- [Activity]
Would you return exactly the lines below from the line with "Bowi Tennis Club Long Sleeve Tee" through the line with "Стол Поинт EM7917.1 бяло букле", both included, and nothing else, leaving out the pictures?
START Given records
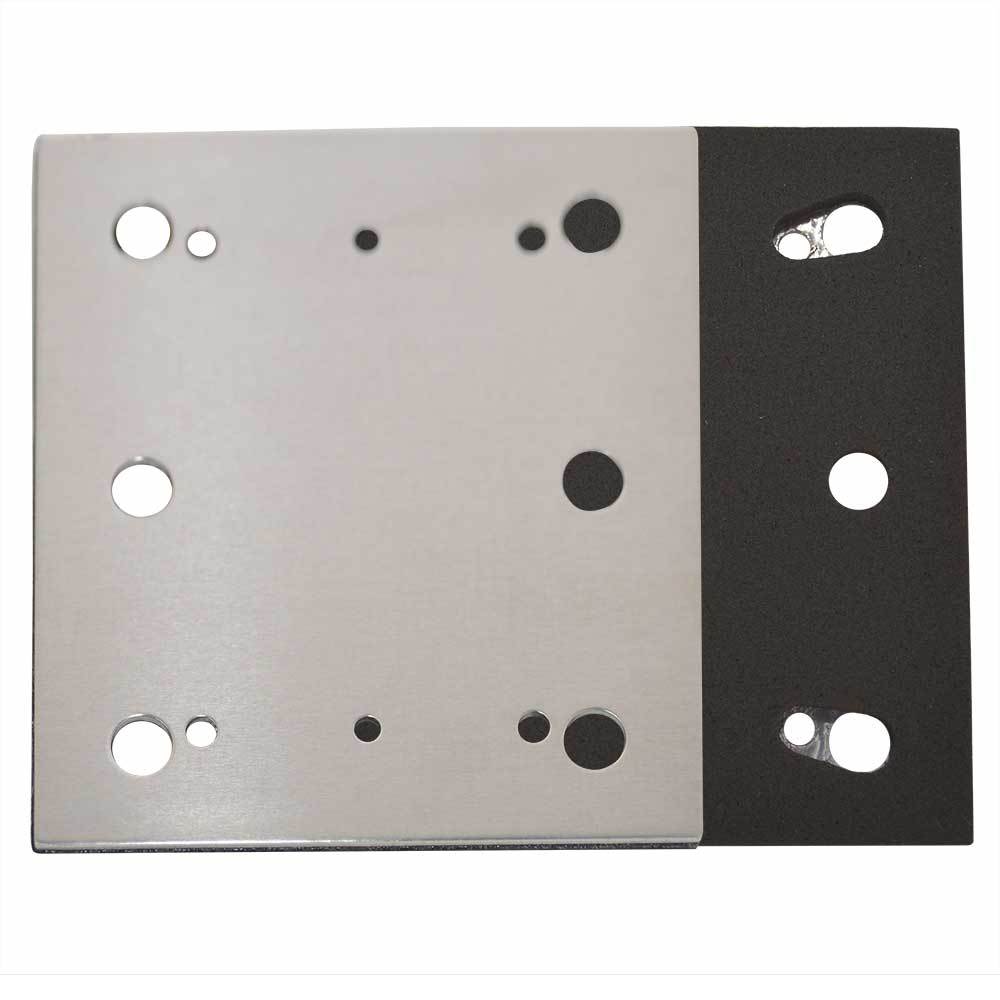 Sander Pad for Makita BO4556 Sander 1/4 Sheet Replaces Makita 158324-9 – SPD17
END Given records
START Given records
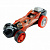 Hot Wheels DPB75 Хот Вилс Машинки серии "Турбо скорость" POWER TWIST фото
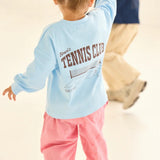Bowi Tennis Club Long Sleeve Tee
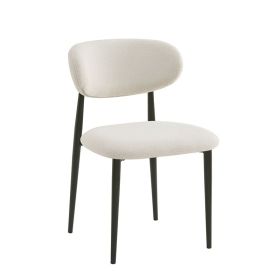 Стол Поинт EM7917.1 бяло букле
END Given records
- [Answer to this exercise]
Bowi Tennis Club Long Sleeve Tee
 Стол Поинт EM7917.1 бяло букле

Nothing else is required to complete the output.